- Task statement -
All lines holding the string "Decorations" should be copied from the data below.

- Excerpted records -
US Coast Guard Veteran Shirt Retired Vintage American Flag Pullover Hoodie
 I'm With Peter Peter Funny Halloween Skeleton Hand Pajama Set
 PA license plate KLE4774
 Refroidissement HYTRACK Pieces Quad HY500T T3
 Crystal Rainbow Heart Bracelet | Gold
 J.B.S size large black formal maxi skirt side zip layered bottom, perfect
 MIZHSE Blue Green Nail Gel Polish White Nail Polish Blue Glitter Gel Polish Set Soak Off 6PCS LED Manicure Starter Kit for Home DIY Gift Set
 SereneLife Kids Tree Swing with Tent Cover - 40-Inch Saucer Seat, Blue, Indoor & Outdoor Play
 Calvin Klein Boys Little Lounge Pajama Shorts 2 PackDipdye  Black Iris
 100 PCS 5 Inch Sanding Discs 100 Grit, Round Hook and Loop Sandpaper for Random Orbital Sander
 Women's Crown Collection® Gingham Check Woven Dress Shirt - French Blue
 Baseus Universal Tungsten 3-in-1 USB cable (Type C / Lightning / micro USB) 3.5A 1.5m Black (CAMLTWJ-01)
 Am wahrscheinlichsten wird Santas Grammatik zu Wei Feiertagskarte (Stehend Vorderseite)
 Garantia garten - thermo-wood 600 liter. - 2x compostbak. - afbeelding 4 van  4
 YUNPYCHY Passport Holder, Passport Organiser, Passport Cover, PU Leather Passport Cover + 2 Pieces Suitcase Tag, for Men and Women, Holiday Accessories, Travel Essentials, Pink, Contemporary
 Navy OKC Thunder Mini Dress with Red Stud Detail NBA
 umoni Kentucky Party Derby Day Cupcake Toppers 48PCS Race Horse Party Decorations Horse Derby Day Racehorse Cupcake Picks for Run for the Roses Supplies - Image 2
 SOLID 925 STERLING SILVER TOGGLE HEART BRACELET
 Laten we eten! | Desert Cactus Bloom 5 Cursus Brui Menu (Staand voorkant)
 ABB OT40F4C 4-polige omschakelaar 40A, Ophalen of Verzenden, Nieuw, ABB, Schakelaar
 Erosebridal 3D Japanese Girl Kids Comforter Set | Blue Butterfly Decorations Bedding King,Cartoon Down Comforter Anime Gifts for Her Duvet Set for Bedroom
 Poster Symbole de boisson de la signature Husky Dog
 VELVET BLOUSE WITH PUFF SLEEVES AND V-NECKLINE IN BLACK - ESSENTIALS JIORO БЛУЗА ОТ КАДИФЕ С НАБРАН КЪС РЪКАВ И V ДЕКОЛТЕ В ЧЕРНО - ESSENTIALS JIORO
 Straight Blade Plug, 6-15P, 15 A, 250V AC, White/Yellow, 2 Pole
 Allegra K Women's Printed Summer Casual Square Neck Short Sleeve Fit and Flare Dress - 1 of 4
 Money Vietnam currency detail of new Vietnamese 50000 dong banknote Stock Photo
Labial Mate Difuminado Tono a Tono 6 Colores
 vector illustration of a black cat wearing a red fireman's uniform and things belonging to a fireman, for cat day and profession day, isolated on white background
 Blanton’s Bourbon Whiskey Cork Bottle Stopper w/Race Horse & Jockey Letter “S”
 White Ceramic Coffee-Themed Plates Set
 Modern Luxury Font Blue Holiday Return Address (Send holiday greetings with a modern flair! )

- Solution to this exercise -
 umoni Kentucky Party Derby Day Cupcake Toppers 48PCS Race Horse Party Decorations Horse Derby Day Racehorse Cupcake Picks for Run for the Roses Supplies - Image 2
 Erosebridal 3D Japanese Girl Kids Comforter Set | Blue Butterfly Decorations Bedding King,Cartoon Down Comforter Anime Gifts for Her Duvet Set for Bedroom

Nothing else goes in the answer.